In the small, modern North Wall Arts Centre stands a large, buzzing swarm of thesps and arty types. Each sporting their own unique variation on the traditional indie look of edgy eyebrows, unexpected hairstyles, distressed denim and a smattering of eclectic patterned vintage, these eager culture vultures await show time. What has brought this lively young bunch of art and fashion enthusiasts all the way to Summertown? Well, it’s the opening night of Colin and Katya, a new play about Ukrainian ‘mail-order’ brides, blending physical theatre, musical performance and straight drama.

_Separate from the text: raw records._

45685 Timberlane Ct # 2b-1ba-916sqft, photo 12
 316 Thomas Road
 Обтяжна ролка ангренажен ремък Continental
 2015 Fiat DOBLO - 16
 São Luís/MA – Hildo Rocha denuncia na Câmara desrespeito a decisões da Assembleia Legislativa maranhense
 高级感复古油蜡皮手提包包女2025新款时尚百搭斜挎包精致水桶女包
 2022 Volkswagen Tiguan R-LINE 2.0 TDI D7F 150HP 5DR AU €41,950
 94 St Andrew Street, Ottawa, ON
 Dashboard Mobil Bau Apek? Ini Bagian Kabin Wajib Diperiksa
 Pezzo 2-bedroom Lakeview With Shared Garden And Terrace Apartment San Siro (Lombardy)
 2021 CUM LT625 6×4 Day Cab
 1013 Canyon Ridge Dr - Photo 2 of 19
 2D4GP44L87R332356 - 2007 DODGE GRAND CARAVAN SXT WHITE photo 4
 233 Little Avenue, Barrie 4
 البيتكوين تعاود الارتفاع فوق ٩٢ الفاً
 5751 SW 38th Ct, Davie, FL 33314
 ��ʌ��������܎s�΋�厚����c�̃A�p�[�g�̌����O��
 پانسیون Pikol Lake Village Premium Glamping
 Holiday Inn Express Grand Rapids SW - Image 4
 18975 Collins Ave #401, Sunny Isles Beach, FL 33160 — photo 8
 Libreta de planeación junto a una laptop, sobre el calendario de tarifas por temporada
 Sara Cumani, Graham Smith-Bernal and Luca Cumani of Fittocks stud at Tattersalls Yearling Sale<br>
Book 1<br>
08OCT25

Colin and Katya, a new piece of writing by the talented Jack Clover, explores the world of the often vulnerable, occasionally sleazy, people who choose to pursue love not only online but across the world. Clearly conscious that there are a lot of myths to dispel, and a lot of preconceptions to deal with, the play does a wonderful job of revealing the very real kinds of people behind the common stereotypes of trophy wives and seedy old men. In short, exhibiting the people behind the dating profiles, and the many different reasons why a person might pursue love and marriage abroad. Though the play certainly has many fantastic moments of comedy, the actual plot deals with a number of really quite heavy themes – abuse, grief, divorce, family life, the hopeful search for love, the pain of being misled in a relationship. However, Clover’s script approaches these sensitive subjects with a lightness of touch and alternates swiftly between this and the comedic aspect, in a way that does not diminish the weight of the more serious issues at hand.
Unsurprisingly, the main characters are a pair called, yes, Colin and Katya. Katya, the female lead played by Daisy Hayes, is a Ukrainian women looking for something meaningful, having recently left a physically abusive and controlling marriage. Hayes’ performance is beautifully earnest and delicate, as the brave, intelligent Katya, who certainly does not go into the process wearing rose-tinted glasses. After speaking online for several months, Katya travels to Essex, the United Kingdom, to meet the shy and quietly romantic Colin, played by Tom Curzon. Over the course of her stay, the two characters develop a unique and caring connection, and both are forced to question the validity of the relationship, and deal with the judgement of others about how they met. The rapid development of the pair’s ostensibly unconventional relationship is really quite personal, and Curzon and Hayes’ performance was impressively realistic and believable. Ell Potter also gave an excellent performance as the overly-involved ex-wife, and mother to Colin’s daughter, who can’t help but degrade Colin for “going on SlavicSlag.com”. Brilliant.
Physical theatre is used throughout, to depict almost everything from a chatroom conversation to a day out visiting castles in Essex, and is brilliantly well-choreographed and executed. And many of the major laughs of the show come from the ridiculous and inventive ways in which the cast moved in sync to depict a vast number of things, such as cars, castles, speedboats, archers on horseback… I could go on, but I’ll stop there. Equally engaging was the live band playing up in the balcony above the stage, bursting into song at key moments of the play, in what I assume was Ukrainian. Interviews with the hopeful individuals who are signed up to online dating, give the viewer insight into the vast number of reasons that people get into this strange and fascinating world. Most of all, it becomes clear that the one thing common to all of these women is their shared hope in the fairy tale ending. What with the interviews, and the choreography and the music, there are a lot of different dramatic techniques taking place onstage. If all of these different elements sound a little overwhelming, let me assure you that it works. Although there is a lot going on in the play, it is obvious that a lot of rehearsal has gone into making these many different features blend seamlessly. I certainly think it was worth it – the end result is a piece of theatre that is both technically impressive and challenging.
There’s some brilliant dialogue throughout, and some lovely commentary on culture clash and cultural misunderstandings. Katya doesn’t quite get it when Colin boasts about his Mum’s “Smeg” fridge or talks excitedly about “Ant and Dec’s Saturday Night Live”. But at times the script seems a little metaphor-heavy and loaded with meaning to the point of being tiresome. To loosely paraphrase: ‘My sister and her husband… look… like a boat come into harbour. I’m still at sea…’ But actually, the few, rather weighty lines like this are fairly forgivable, because many of the characters have English as a second language, and so their use of cliché and metaphor is understandably and accurately a little clunky.
On the whole, Colin and Katya is really quite entertaining and insightful. Clover’s exploration of the many lonely people around the world who ambitiously and courageously look for love abroad when they can’t find it at home, makes for an adventurous, artistic and most of all, enjoyable, show.